Lange hat ORF-General Alexander Wrabetz die Stiftungsräte warten lassen. Erst nach 19 Uhr erhielten die Mitglieder der Arbeitsgruppe Standort am Freitag die geforderten Zahlen, die sich durch die Neuberechnung der verschiedenen Standort-Varianten ergeben hatten. Fazit: Entgegen ersten Kalkulationen ist nun die zunächst teuerste Variante die billigste. Dem Vernehmen nach (offizielle Auskunft will die ORF-Geschäftsführung nicht geben) wäre ein Neubau in St. Marx mit jährlich 32,2 Millionen Euro (auf 35 Jahre berechnet) knapp günstiger als ein gemeinsamer Standort aller ORF-Unternehmen am Küniglberg (32,3 Millionen). Ein Verbleib an den drei Standorten des ORF hingegen wandelt sich von der billigsten zur teuersten Variante (33,2 Millionen).
Eine von den Stiftungsräten von Wrabetz geforderte explizite Festlegung, welchen Standort er präferieren würde, ist in dem Schreiben, das er am frühen Freitagabend übermittelte, nicht enthalten.

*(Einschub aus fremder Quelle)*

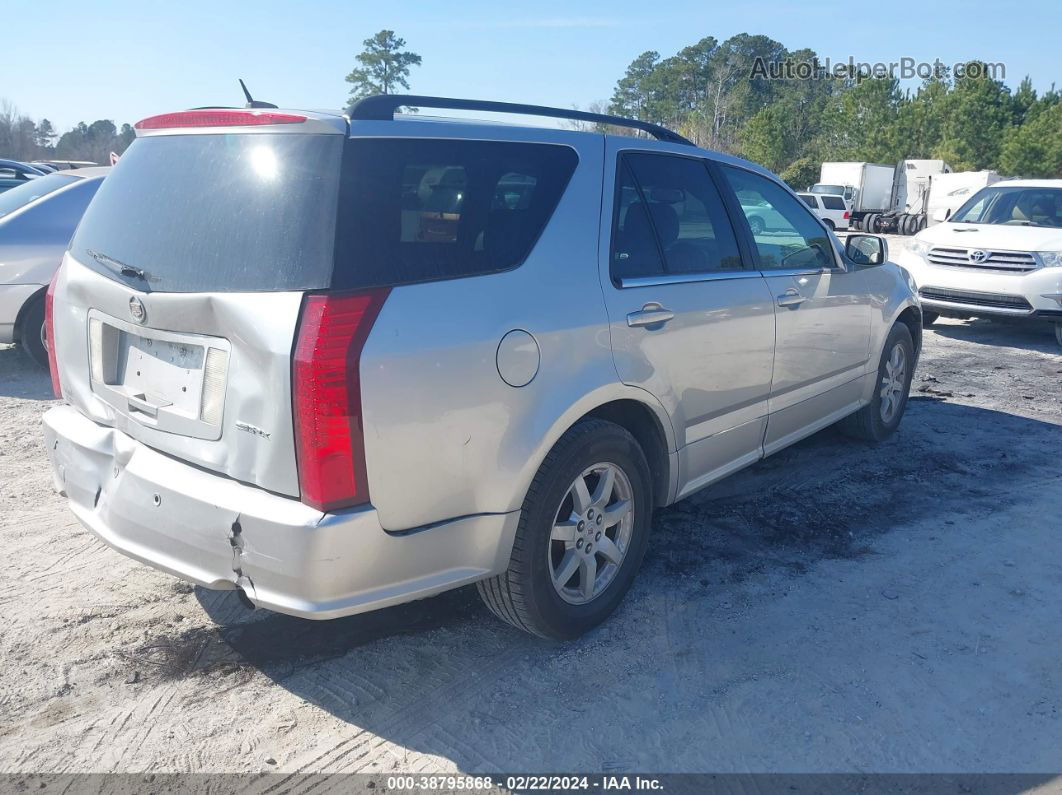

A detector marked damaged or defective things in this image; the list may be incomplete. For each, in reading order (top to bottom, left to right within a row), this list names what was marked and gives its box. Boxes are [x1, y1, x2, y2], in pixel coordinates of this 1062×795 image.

damaged rear bumper [43, 405, 520, 615]
rear bumper dent [43, 405, 520, 615]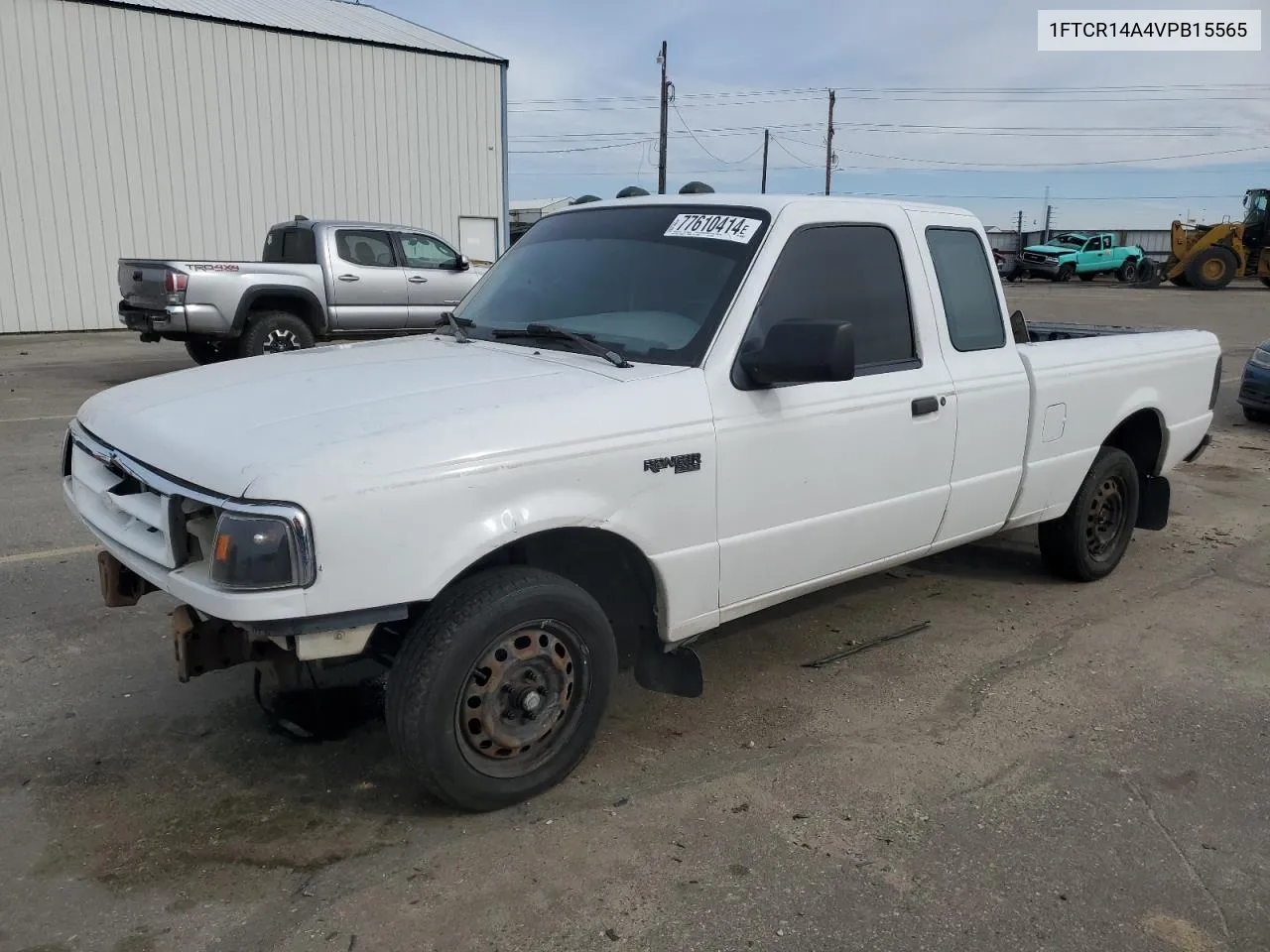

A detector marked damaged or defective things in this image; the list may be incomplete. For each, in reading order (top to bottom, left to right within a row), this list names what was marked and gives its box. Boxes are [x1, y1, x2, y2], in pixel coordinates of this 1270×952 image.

cracked pavement [2, 282, 1270, 952]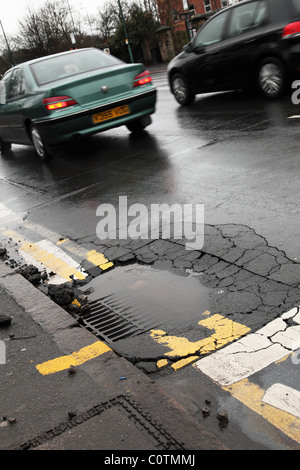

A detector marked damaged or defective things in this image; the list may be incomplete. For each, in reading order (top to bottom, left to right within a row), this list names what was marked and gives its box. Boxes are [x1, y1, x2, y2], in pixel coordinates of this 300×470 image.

broken tarmac [0, 224, 300, 452]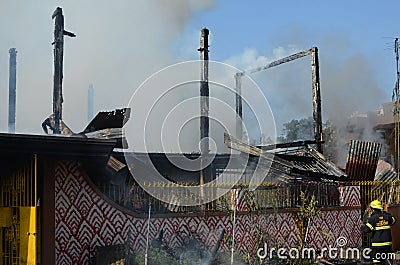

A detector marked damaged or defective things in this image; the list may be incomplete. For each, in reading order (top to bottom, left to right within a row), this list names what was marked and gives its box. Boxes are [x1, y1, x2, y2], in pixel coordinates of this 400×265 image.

burnt wooden post [51, 6, 75, 133]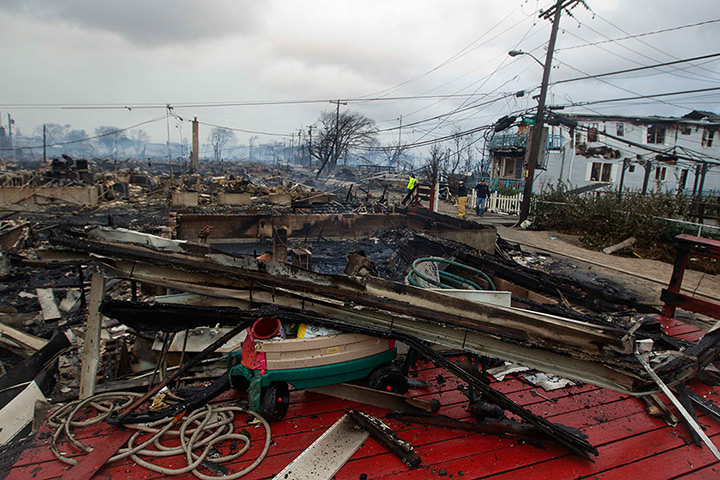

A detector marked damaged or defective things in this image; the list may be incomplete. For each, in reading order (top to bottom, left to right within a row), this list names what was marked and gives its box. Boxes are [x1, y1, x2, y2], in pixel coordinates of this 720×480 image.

broken wood board [35, 286, 61, 320]
broken plank [35, 286, 61, 320]
broken wood board [0, 382, 46, 446]
broken plank [0, 382, 46, 446]
broken wood board [272, 414, 368, 478]
broken plank [272, 412, 368, 480]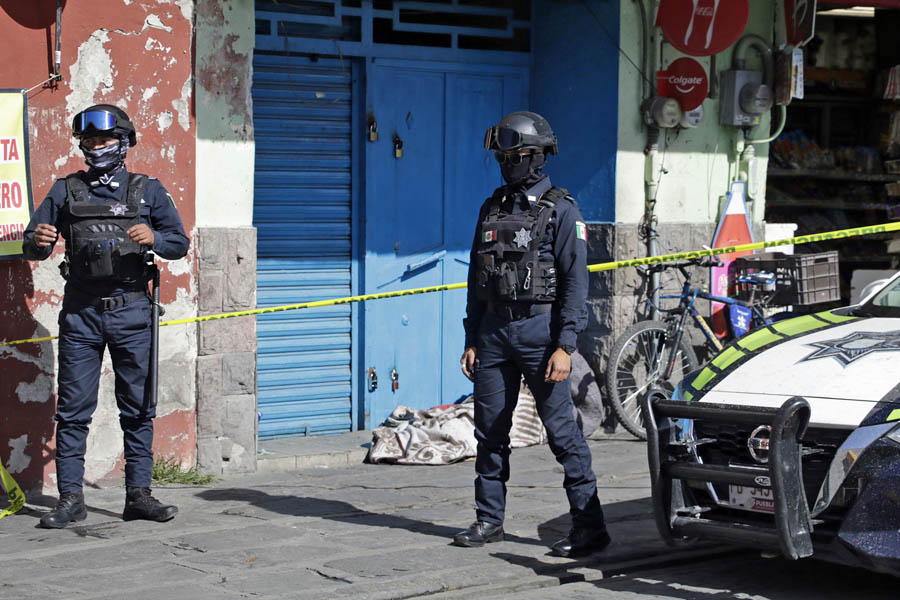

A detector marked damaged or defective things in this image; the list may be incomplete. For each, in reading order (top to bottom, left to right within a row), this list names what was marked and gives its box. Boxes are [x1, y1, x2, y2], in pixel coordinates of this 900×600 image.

cracked plaster wall [0, 1, 197, 492]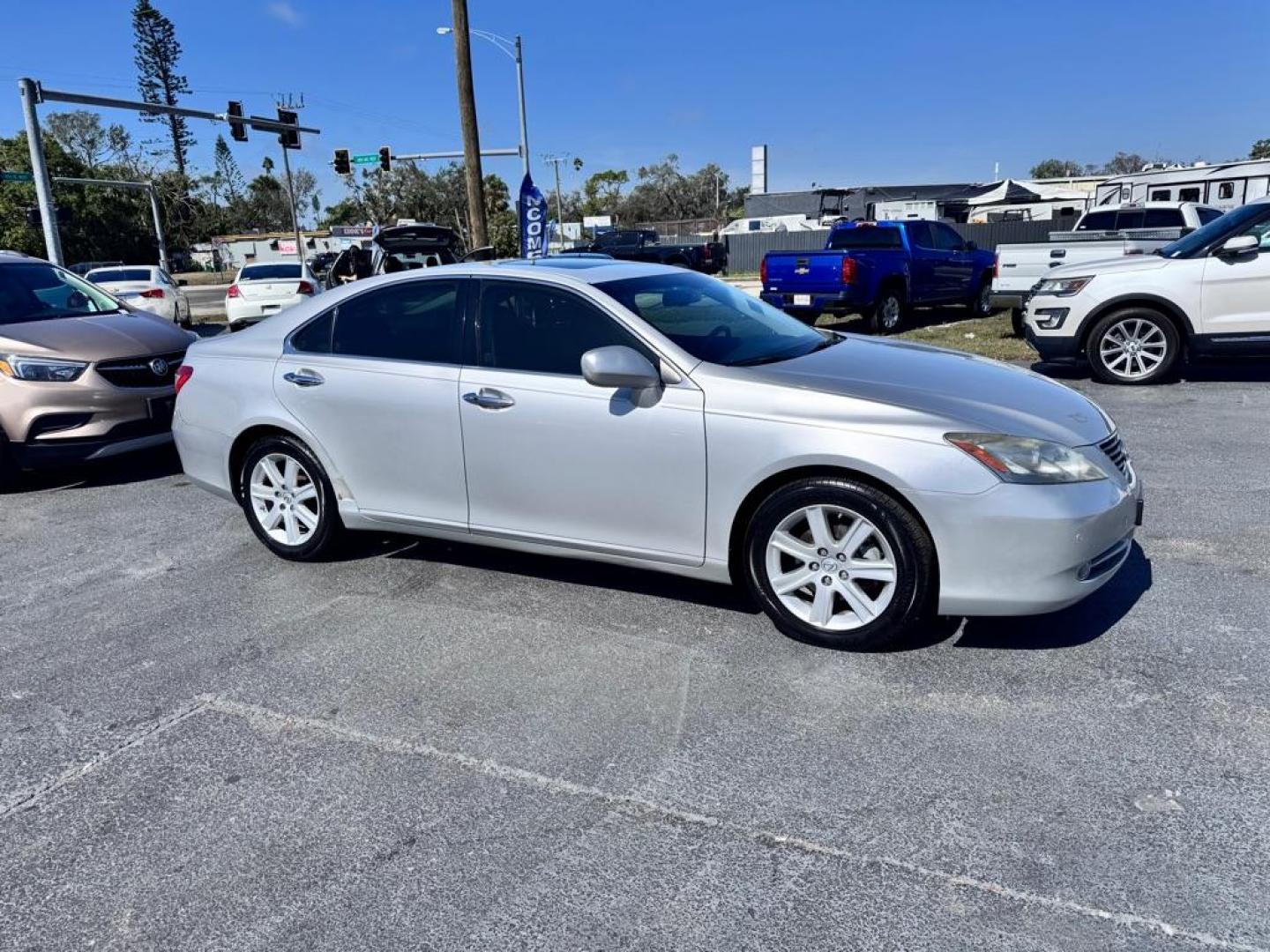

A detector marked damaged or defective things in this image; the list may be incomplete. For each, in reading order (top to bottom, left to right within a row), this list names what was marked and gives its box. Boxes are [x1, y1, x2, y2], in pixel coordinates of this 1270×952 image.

pavement crack [0, 695, 211, 822]
pavement crack [203, 695, 1265, 952]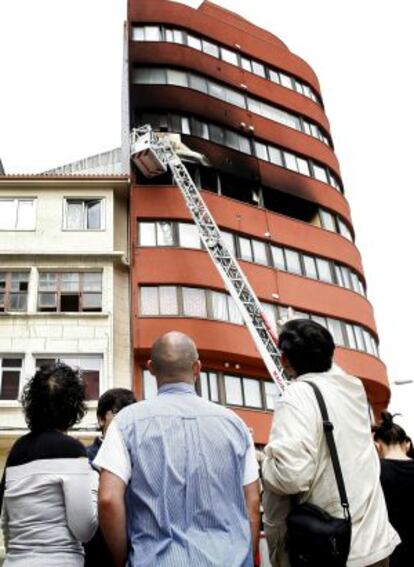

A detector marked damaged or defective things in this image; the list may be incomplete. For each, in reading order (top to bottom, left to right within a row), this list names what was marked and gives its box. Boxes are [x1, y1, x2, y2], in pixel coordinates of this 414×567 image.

fire-damaged window [37, 272, 102, 312]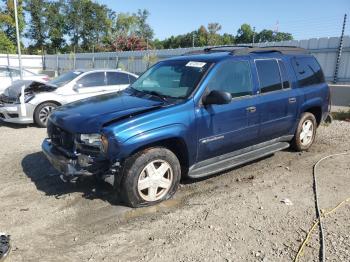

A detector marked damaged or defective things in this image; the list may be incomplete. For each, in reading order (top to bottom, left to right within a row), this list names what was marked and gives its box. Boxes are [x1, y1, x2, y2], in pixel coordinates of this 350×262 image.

damaged white sedan [0, 69, 138, 127]
car's broken front end [41, 118, 111, 182]
damaged front bumper [42, 139, 110, 180]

ORF-Finanzdirektor Richard Grasl sah am Freitagabend denn auch „weiter alle drei Varianten im Spiel". St. Marx wird jedoch als sinnvolle und ökonomische Variante gelobt, was den Schluss zulässt, dass Wrabetz einem auch vom Wiener Bürgermeister Michael Häupl (SP) bevorzugten Bau in St. Marx den Vorzug geben würde.
Entscheiden muss darüber der Stiftungsrat. Dort ist mit Widerstand zu rechnen. Bedenken herrschen vor allem, weil der ORF im Falle eines Neubaus in St. Marx nicht mehr Eigentümer der Immobilie wäre, sonder nur Mieter: Das Immobilienvermögen des ORF soll im dem Fall in eine gemeinsame Immobiliengesellschaft mit der Stadt Wien eingebracht werden, ein Immobilienfonds würde die Baukosten finanzieren. Das würde zu einer Abhängigkeit des ORF von der SPÖ Wien führen, fürchten Beobachter, die nicht wollen, dass der ORF sein „Familiensilber" verkauft.